Pilgrims for the Creative Economy



Alden Wilson, longtime executive director of the Maine Arts Commission, dropped by yesterday for a visit on the wide porch of the Hooper Cottage. I had contacted him in my capacity as chair of the Western States Arts Federation (WESTAF), in order to learn more about Maine's groundbreaking "Creative Economy" initiative. The great state of Maine, it turns out, is a national leader in linking cultural investments with increased levels of creativity and innovation in the economic sector. Alden has been a visionary and an infantryman in a long campaign, and now arts and econonic growth wonks from all over the world are making pilgrimages to Maine to find out how he's done it.

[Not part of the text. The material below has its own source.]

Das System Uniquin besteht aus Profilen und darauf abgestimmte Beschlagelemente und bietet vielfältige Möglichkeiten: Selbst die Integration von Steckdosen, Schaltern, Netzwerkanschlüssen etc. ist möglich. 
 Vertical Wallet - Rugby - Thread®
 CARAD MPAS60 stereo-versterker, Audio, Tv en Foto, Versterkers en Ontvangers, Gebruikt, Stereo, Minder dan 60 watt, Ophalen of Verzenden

Which brings me to the Pilgrims. On the phone from Denver, I found out that Alden's mother spends much of her summer in Ocean Park, a few blocks from my family's place. During our visit yesterday, I learned that she worked for many years at Bates College in Lewiston, the home of my father's grandfather, William B. Skelton, a big man at Bates himself and a one-time mayor of the city. I suspected that the final link would be the Mayflower, given Alden's non-trendy first name. And sure enough, his family has proudly named somone in every generation after John Alden, just as mine has reverently tracked and reminded each new generation of our direct descendancy from John and Priscilla, who got the whole "Came Over on the Mayflower" thing off to a rousing start by having 10 children.

Alden Wilson, Maine's forward-thinking governor John Elias Baldacci, and other leaders are creating a new compact among creative people in the arts and creative people in business and government. Even having survived as many battles as I know he must have fought, Alden has a creator's fresh energy when he talks about the future. I like to think it's a straight line to him from the bewildered band of Pilgrims who created a new England nearly four centuries ago. And thanks to my own New England links, I will have a chance to bring some of Alden's fire back to Denver, where WESTAF is working to revitalize advocacy for arts and culture in the West through a research initiative concluding this fall.